Antonio Carlos
Egypto
PAPA FRANCISCO: CONQUISTANDO CORAÇÕES (Francisco: El Padre Jorge). Argentina/Espanha, 2015. Direção: Beda DoCampo Feijóo. Com Darío Grandinetti, Silvia Abascal,
Anabella Agostini, Gabriel Gallicchio, Leonor Manso. 105 min.
O papa Francisco é uma figura pública das mais
admiráveis da atualidade. Por seu
despojamento, sua simplicidade ao exercer o poder que tem, pela procura por
ouvir, acolher e entender mais do que julgar ou restringir as pessoas e a
diversidade humana. É um homem que
pratica o que prega e o faz com humildade.
Sua inserção neste nosso cada vez mais insensato mundo trouxe um sopro
de tolerância e liberdade, que há muito se fazia necessário, sobretudo partindo
da poderosa Igreja Católica.
Chega a seu quarto ano de papado e ganha uma
cinebiografia para celebrá-lo. O
personagem é cativante e merece o apoio que tem recebido dos homens e mulheres
de bem, sejam religiosos ou não.

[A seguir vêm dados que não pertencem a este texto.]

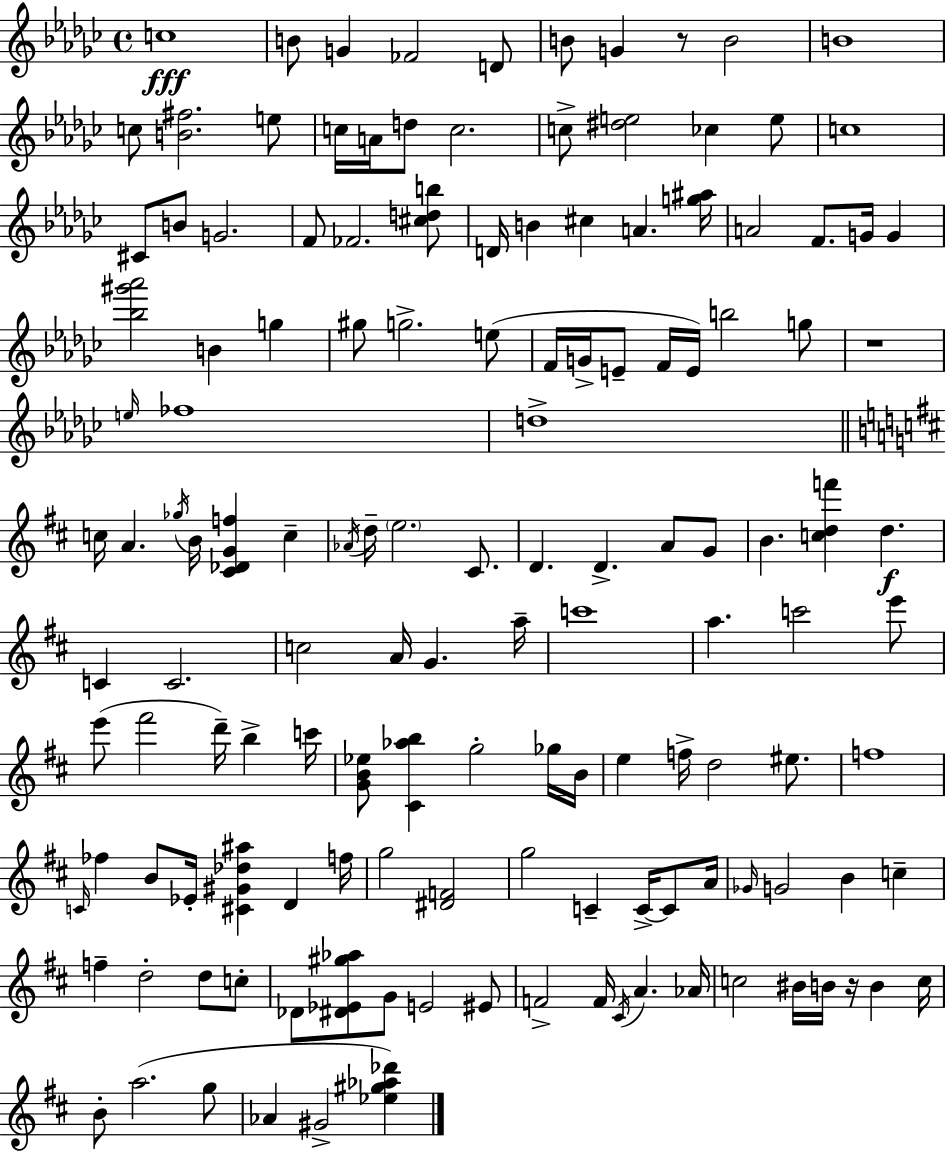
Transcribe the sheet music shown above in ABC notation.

X:1
T:Untitled
M:4/4
L:1/4
K:Ebm
c4 B/2 G _F2 D/2 B/2 G z/2 B2 B4 c/2 [B^f]2 e/2 c/4 A/4 d/2 c2 c/2 [^de]2 _c e/2 c4 ^C/2 B/2 G2 F/2 _F2 [^cdb]/2 D/4 B ^c A [g^a]/4 A2 F/2 G/4 G [_b^g'_a']2 B g ^g/2 g2 e/2 F/4 G/4 E/2 F/4 E/4 b2 g/2 z4 e/4 _f4 d4 c/4 A _g/4 B/4 [^C_DGf] c _A/4 d/4 e2 ^C/2 D D A/2 G/2 B [cdf'] d C C2 c2 A/4 G a/4 c'4 a c'2 e'/2 e'/2 ^f'2 d'/4 b c'/4 [GB_e]/2 [^C_ab] g2 _g/4 B/4 e f/4 d2 ^e/2 f4 C/4 _f B/2 _E/4 [^C^G_d^a] D f/4 g2 [^DF]2 g2 C C/4 C/2 A/4 _G/4 G2 B c f d2 d/2 c/2 _D/2 [^D_E^g_a]/2 G/2 E2 ^E/2 F2 F/4 ^C/4 A _A/4 c2 ^B/4 B/4 z/4 B c/4 B/2 a2 g/2 _A ^G2 [_e^g_a_d'] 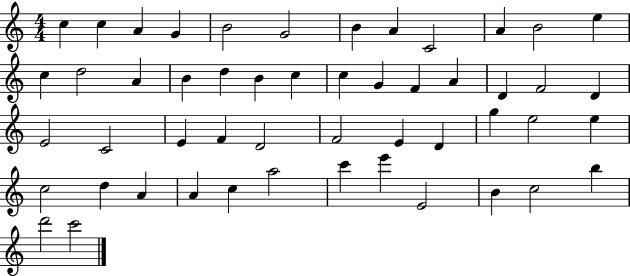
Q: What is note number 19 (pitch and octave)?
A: C5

O
problema que esse tipo de filme pode trazer é ser chapa-branca e servir apenas
à propaganda ou propagação de uma religião.
Ou só falar aos já convertidos. O
título em português: “Papa Francisco: Conquistando Corações” só reforça essa
impressão marqueteira. No entanto, o
título original é outra coisa: “Francisco: El Padre Jorge” e corresponde muito
melhor ao que é o filme e ao personagem que retrata.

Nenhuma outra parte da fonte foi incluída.